Ten unmarried women altogether, three from Prince Edward Island, two
from Nova Scotia, four from New Brunswick, and one from Canada West,
accompanied their fathers or brothers to the conference in Quebec City,
where the men negotiated Confederation and the creation of Canada.
The start of Canada’s journey to Confederation is a fascinating one,
involving a circus; Farini, the tightrope walker from Port Hope, Ontario;
the American Civil War; a whole lot of champagne, sunshine, and sea; and
lovemaking — in the old-fashioned sense.

       The process began in earnest when, in September 1864, the Fathers
of Confederation, travelling by rail, steamship, and horse-drawn carriage,
met in Charlottetown, the provincial capital of Prince Edward Island, to
discuss the possibility of a union of Britain’s North American colonies.* Like
New Brunswick, Nova Scotia, and Newfoundland, PEI was an independent
colony of the British Crown at the time.

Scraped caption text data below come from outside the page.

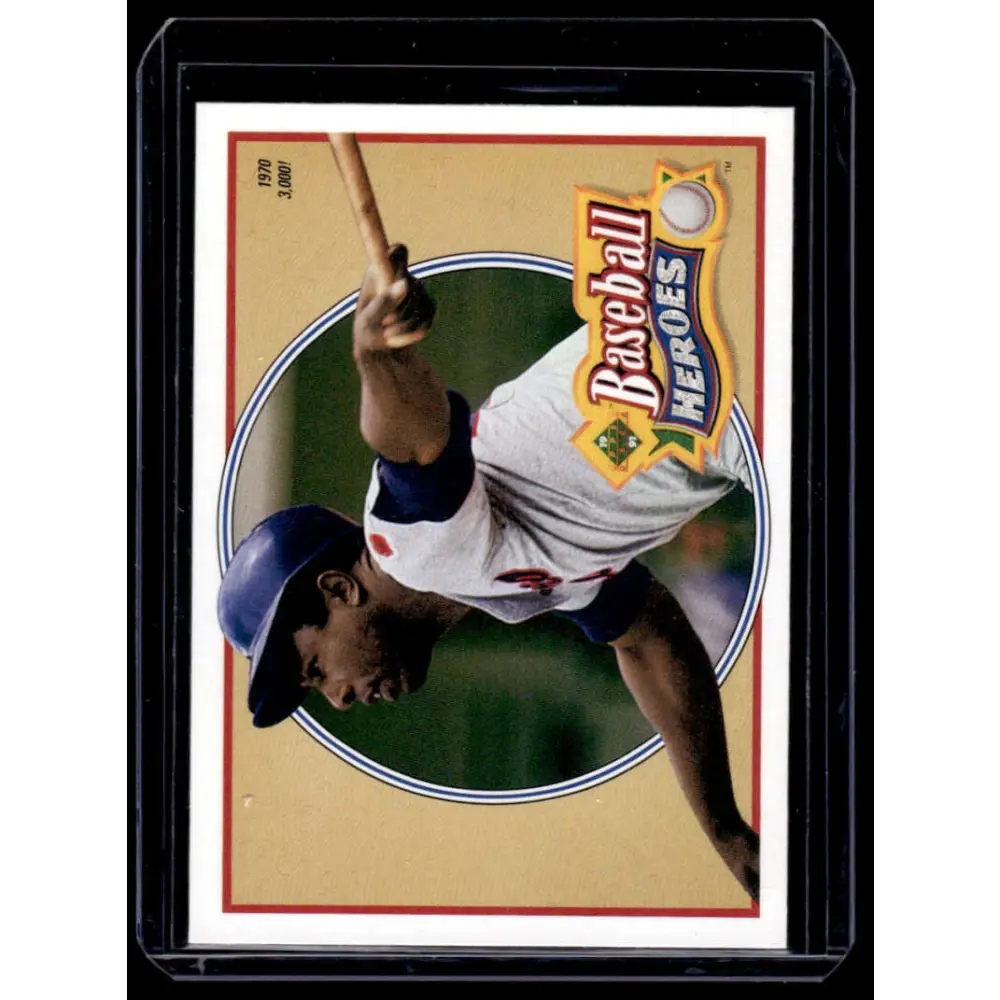 1991 Upper Deck #22 Hank Aaron Atlanta Braves NM-MT Baseball Card Image 1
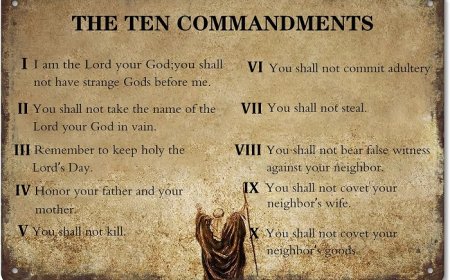 What Was the Original Purpose of the 10 Commandments?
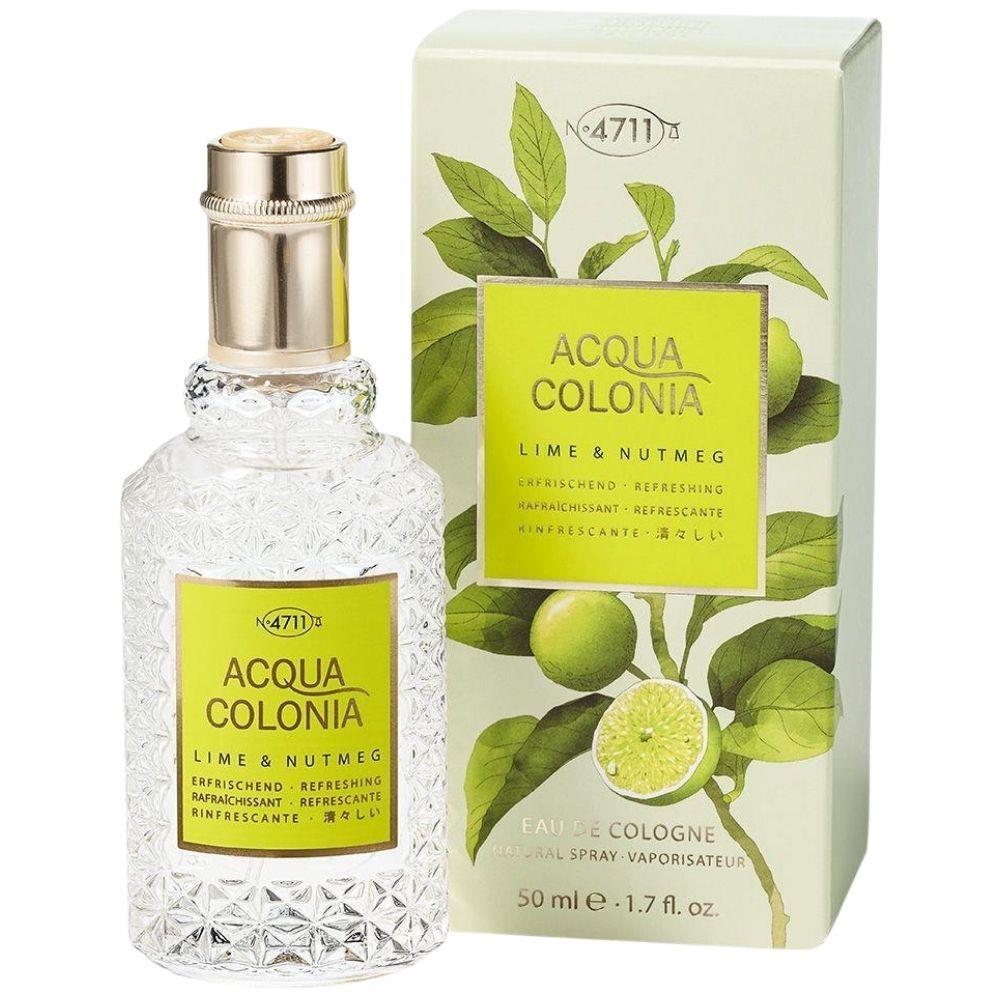 4711 Acqua Colonıa Lime &amp; Nutmeg EDC 50 ml Unisex Parfüm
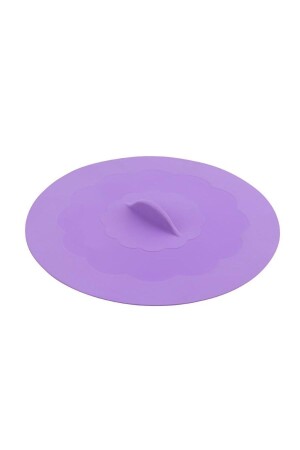 MNZ-Silicolife Medium Pot Suction Cup Cover 25 سم ليل DENSL-17 - Flosoft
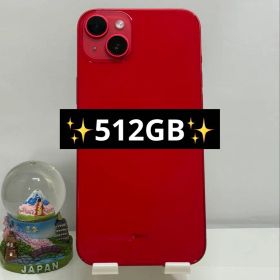 ✅美品✨iPhone 14 Plus 512GB✨ レッドSIMフリー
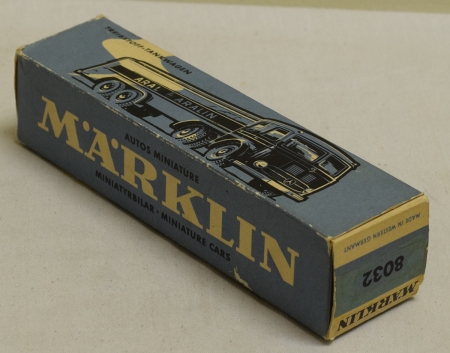 Other MARKLIN #8032 ARAL ARTICULATED TANKER NEAR MINT MODEL/ VG BOX!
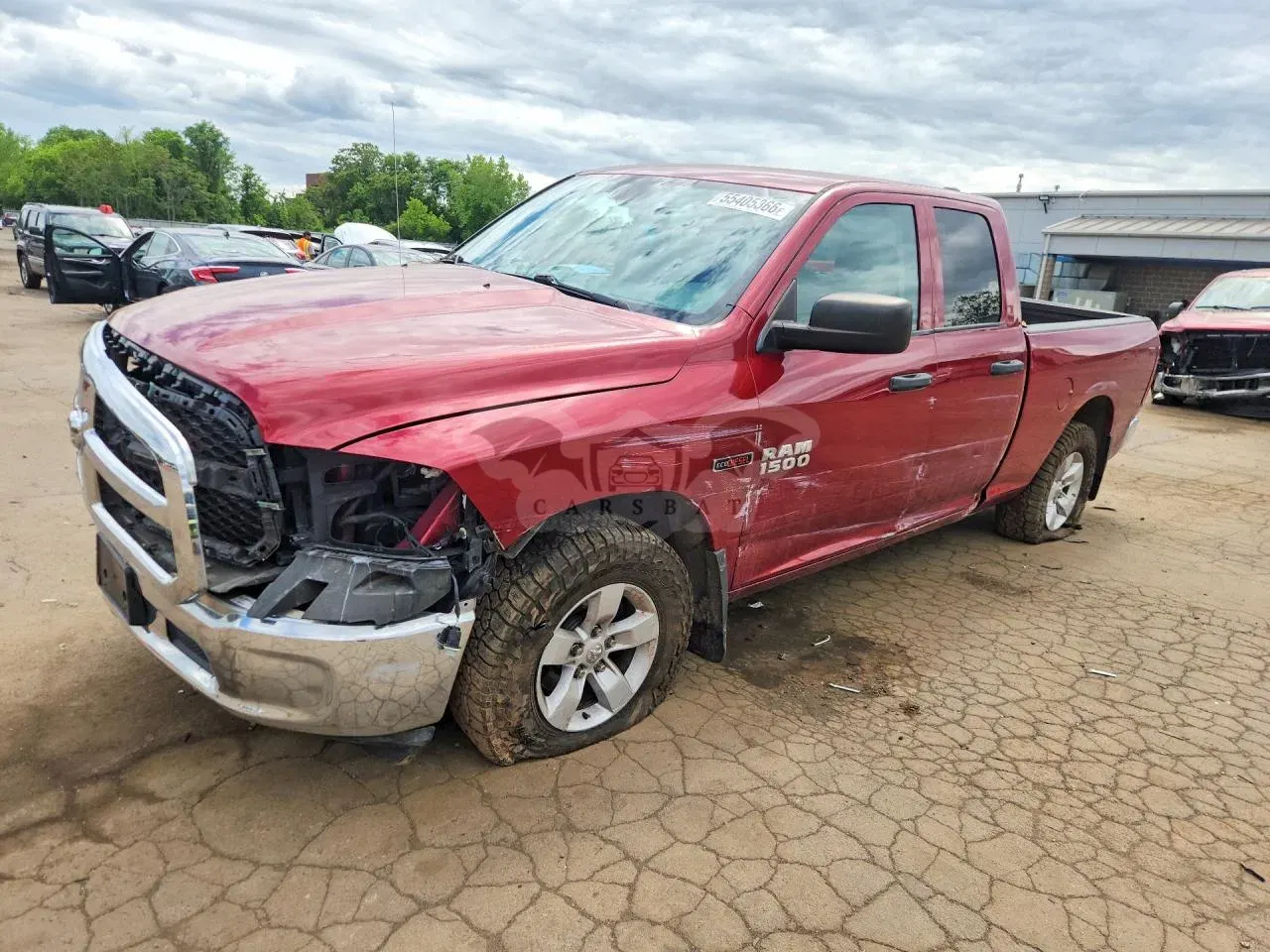RAM 1500 3.0L 6 2014
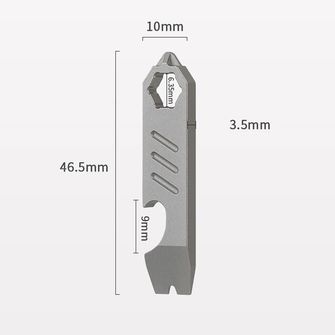 DRAGOWA Taktisches Titan-Multitool Jax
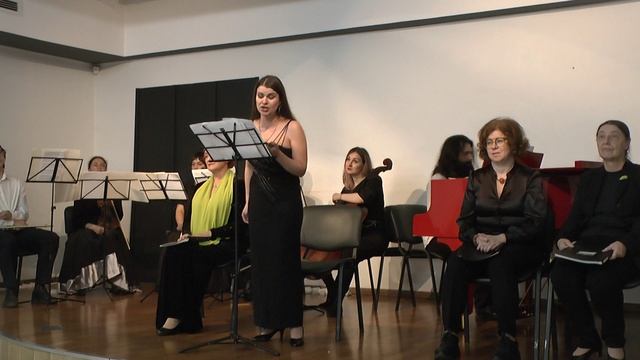 04 Бах." Bist du bei mir". Юлия Делико, Александр Звонов.mp4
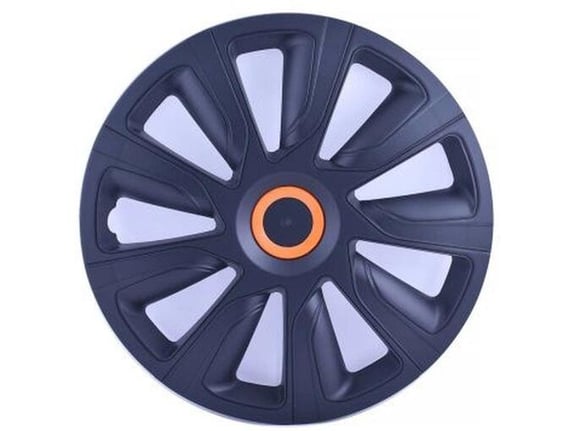 888 Car Accessories Univerzalne ratkapne 15 /orange abs set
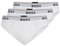 BOSS Herren Brief 3p Co/EL Slips, White 100, XL EU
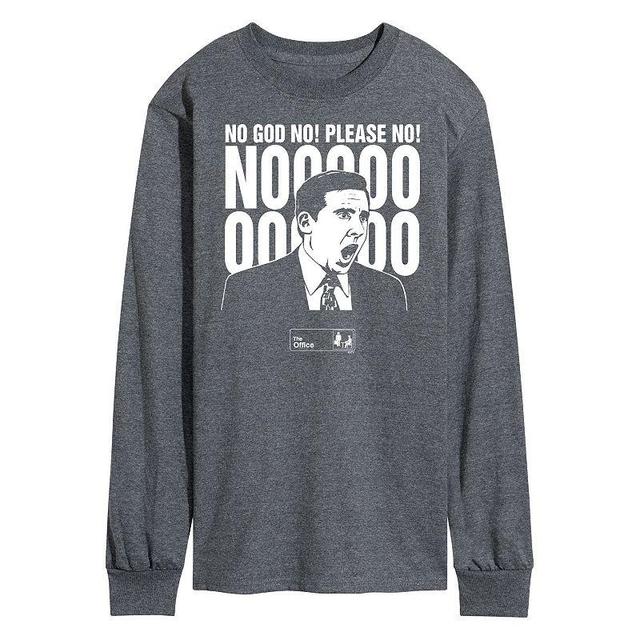 Mens The Office No God Please No Tee Product Image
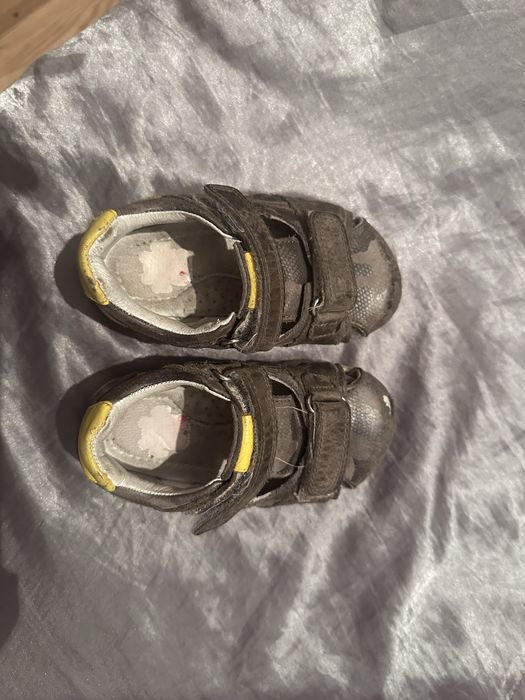 Обувь анатомическая детская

The final of this group of colonies,
Canada, was made up of Ontario and Quebec, then known respectively
as Canada West and Canada East. Each of the Maritime colonies was very
small, and with a large and growing American neighbour, many of the colonies’
residents, including those of Canada East and West, felt that if they
were to survive separate from the United States, then the time had come to
join forces and form a larger political entity.**

       Following their time in Charlottetown, the Canadian and Maritime
delegates crossed the Northumberland Strait on the Canadians’ steamship,
the Queen Victoria, and toured briefly through Nova Scotia and
New Brunswick, meeting in Halifax on September 12 for the delegates
to discuss the idea of Confederation further. Mercy Coles, the unmarried
twenty-six-year-old daughter of Prince Edward Island delegate George
Coles, went with her father on this tour. From Mercy’s descriptions she
was the only young woman to go on this trip with the delegates. Perhaps
her father viewed this as an opportunity for her education, or to meet a
potential husband.

       The big meetings and events, though, were saved for Quebec City, where,
in October 1864, the Maritime Fathers of Confederation, with their unmarried
daughters and sisters in tow, travelled again on the Queen Victoria,
which the Canadians had sent to bring the Maritimers up to Quebec City.
They promenaded on the decks and looked out at the spectacular fall scenery
along the shores of the St. Lawrence.
* No young women from New Brunswick, Nova Scotia, or Canada, accompanied
their fathers to the Charlottetown conference in September 1864. No doubt the
men didn’t view the time in Prince Edward Island (which had nowhere near the
opportunities and entertainment that Quebec City had) as an opportunity for their
daughters to meet potential husbands. The women of PEI, however, including
Mercy Coles and Margaret Gray, were part of the social events at Charlottetown.
** Newfoundland did not take part in the Charlottetown conference, however
representatives from there did go to the Quebec conference.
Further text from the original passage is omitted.